How the Bible Links the Accounts of Noah, Moses, and Jesus

Noah, Moses, and the Arks of Salvation

by Simon Turpin on May 27, 2023
Featured in Answers in Depth

A close reading of the Torah shows a connection between Noah and Moses. This connection also points to the promised Redeemer through whom God would accomplish his purposes: the Lord Jesus.

A close reading of the Torah shows a connection between Noah and Moses.

The Torah was written by Moses in such a way that the reader can understand that earlier events prefigure and anticipate later events.1 These later events are also meant to remind the reader of past events.2 This is known as narrative typology or literary analogy.3 Literary analogy can be seen from shared words and thematic parallels in different texts. An example of this kind of analogy is the ark in which both Noah and Moses are saved from destructive waters. The Hebrew word tēbâ “ark”4 is only used in the Old Testament in the flood narrative (Genesis 6–9) and the account of Moses as a baby (Exodus 2:3, 5). This strongly suggests that there is a connection between the two accounts, as does the description of God’s rescue of Noah and his deliverance of Israel through Moses at the exodus. Just as God remembered Noah (Genesis 8:1) and sent a wind to blow over the earth so that all those in the ark could come out on dry ground (Genesis 8:13–14), so God also “remembered his covenant” he made with the patriarchs (Exodus 2:24) and sent “a strong east wind all night and made the sea dry land...” (Exodus 14:21) so that “the people of Israel went into the midst of the sea on dry ground...” (Exodus 14:22).
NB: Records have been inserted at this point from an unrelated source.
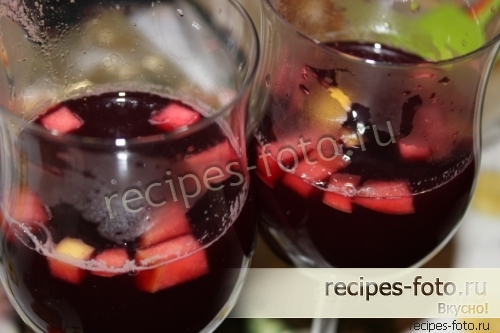 Классический глинтвейн с яблоками и медом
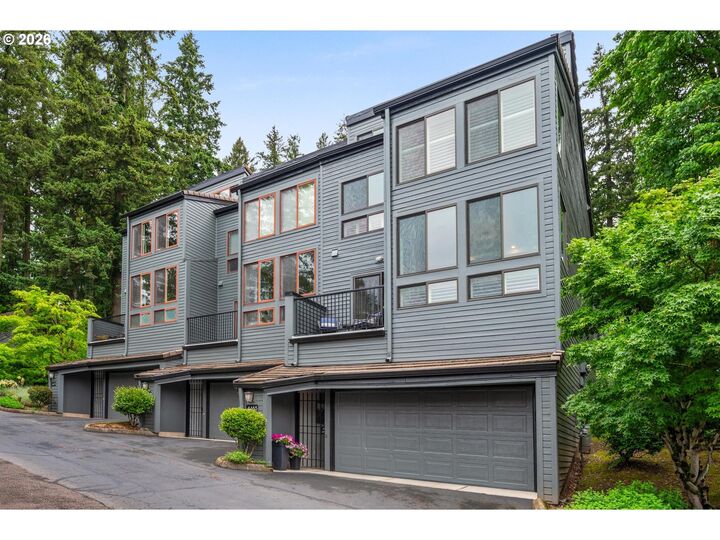Property Photo:  4465 Golden Ln  OR 97035 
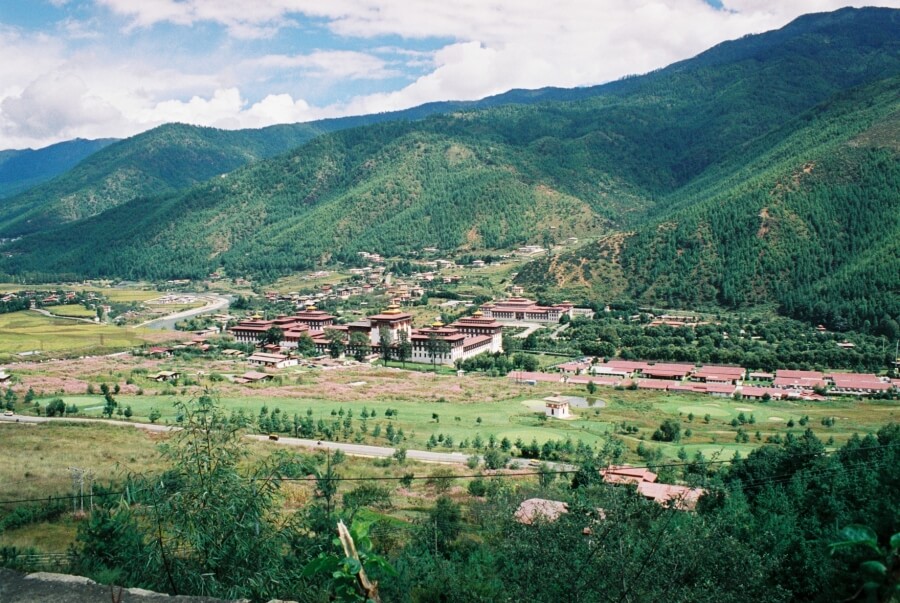 монастырь в Бутане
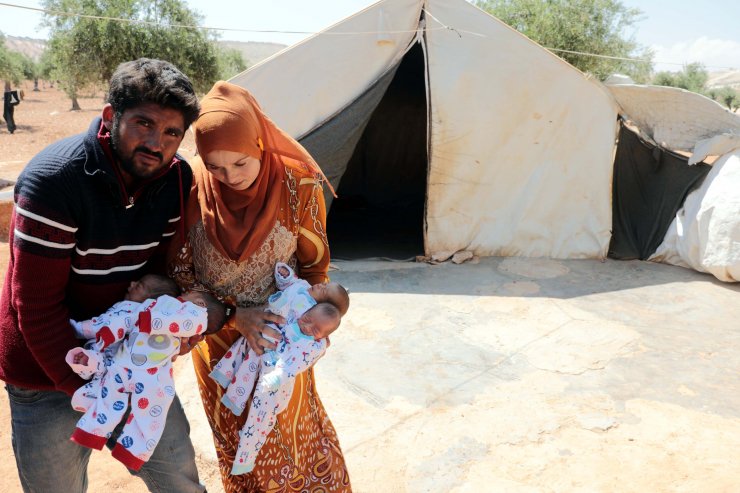 Çadırda doğan dördüzlere Barış, Pınar, Fırat ve Rıfat isimleri verildi
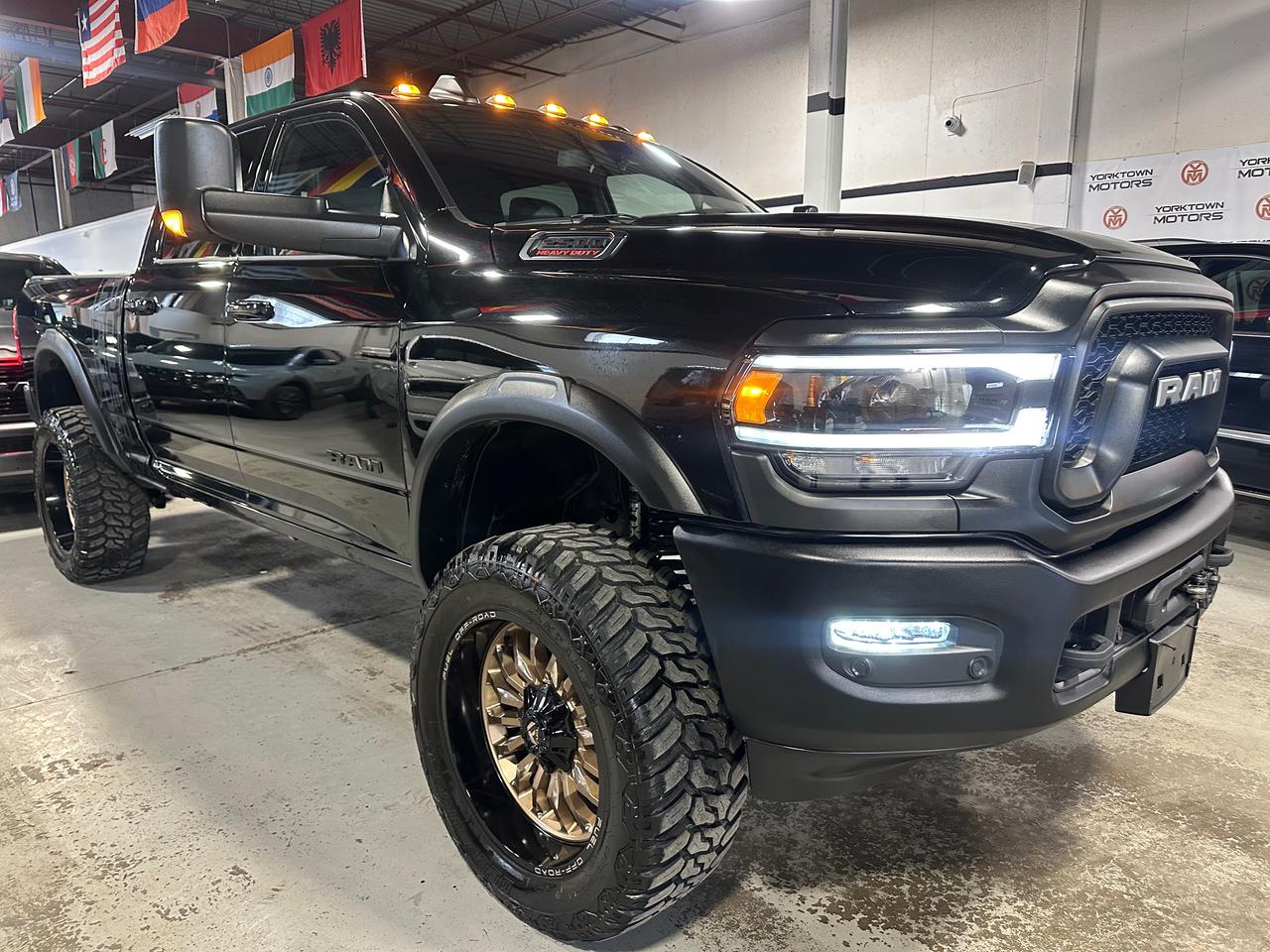 2022 RAM 2500 6.4L V8 HEMI | FUEL WHEELS | POWERED STEP BARS | Photo4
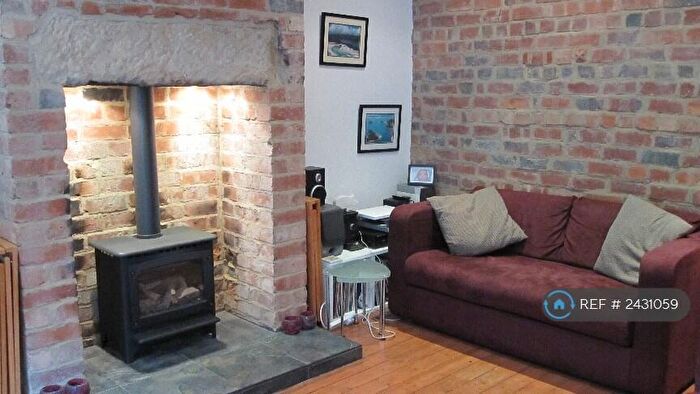 2 Bedroom Terraced House To Rent In Glebe Ave, Leeds, LS5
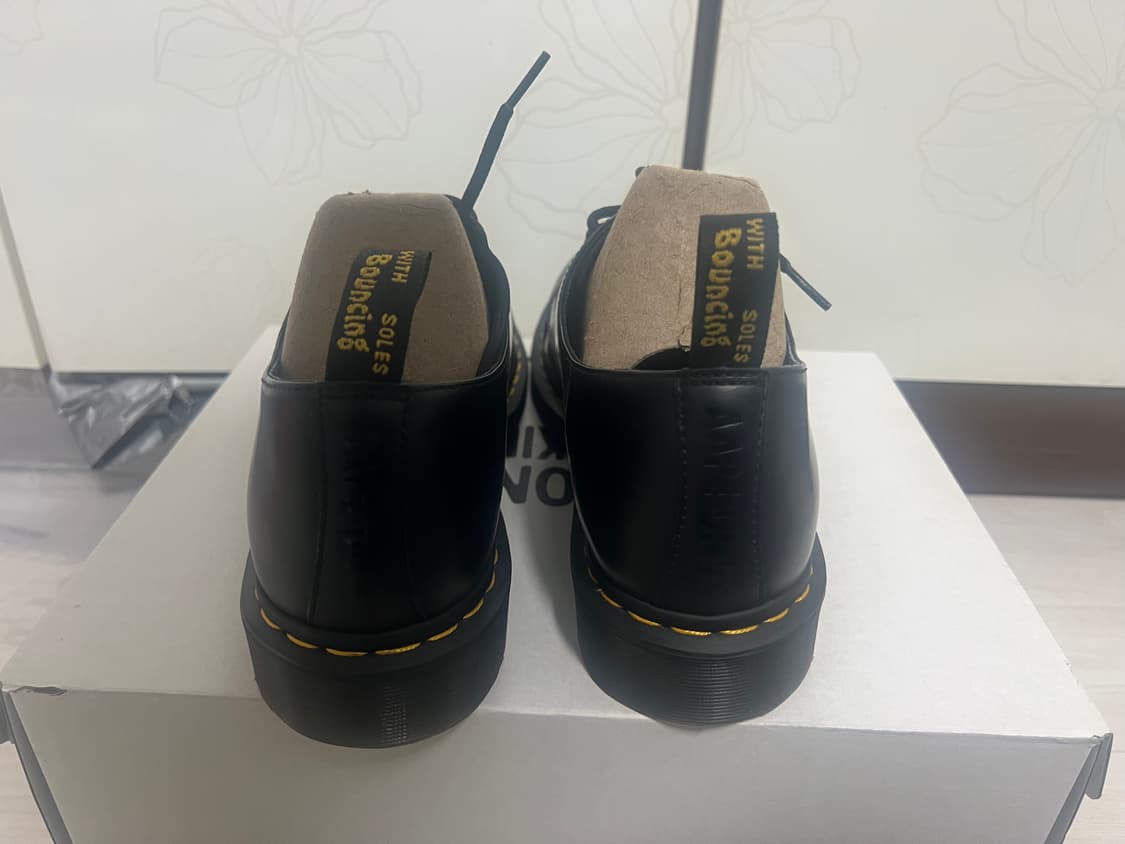 베이프x닥터마틴 1461 uk10 사이즈 판매합니다 상품이미지3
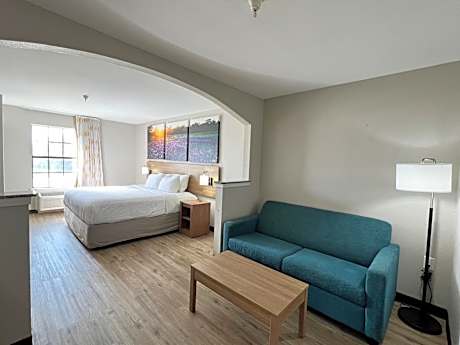King Suite with Roll In Shower - Hearing Accessible/Non-Smoking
These parallels are not a coincidence put together by multiple authors (documentary hypothesis) but are the work of a single author, Moses (Exodus 17:14, 34:27; cf. Mark 12:26).

Noah’s Ark

In Genesis 6, the earth had become corrupt and was filled with violence (Genesis 6:11), and so God warns Noah that he is going to destroy the earth and therefore commands him to build an ark (Genesis 6:13–14). The ark was to be made from gopher wood5 and covered inside and out with pitch (Genesis 6:14). God instructed Noah how to make the ark—length: 300 cubits (510 feet), width: 50 cubits (85 feet), height: 30 cubits (51 feet) (Genesis 6:15). The need of such a huge ark was to save Noah and his family and two (and seven6 of some) of every “kind” (mîn) of air-breathing, land-dwelling creatures from perishing in the global catastrophe (Genesis 6:18–20, 7:2–3; 2 Peter 2:5). God saved Noah and his household (Hebrews 11:7) and two of every kind of animal from a watery death (global flood) by shutting them in the ark (Genesis 7:16). Once they were safe from the destructive waters, they would start a new stage of God’s unfolding plan of redemption (Genesis 8:16–9:17). God used Noah in his redemptive purposes to bring about “relief/rest” from the curse (Genesis 5:29, 8:20–21).7

Moses’ Ark

When the Israelites were in Egypt, they “were fruitful and increased greatly; they multiplied and grew exceedingly strong, so that the land was filled with them” (Exodus 1:7; cf. Genesis 1:28). This caused the Pharaoh to instigate plans to afflict Israel because they were “too many and too mighty” (Exodus 1:9) for the Egyptians. The Pharaoh made three attempts to counter the increase of the Israelites: (1) he put taskmasters over them to afflict them with heavy burdens (Exodus 1:11); (2) he commanded the Hebrew midwives to kill the sons born to any Hebrew women (Exodus 1:15–21); and (3) he commanded that every son born to the Hebrews should be cast into the Nile (Exodus 1:22). After Pharaoh’s third plan, the narrative goes on to introduce the birth of God’s chosen deliverer, Moses (Exodus 2:1–2).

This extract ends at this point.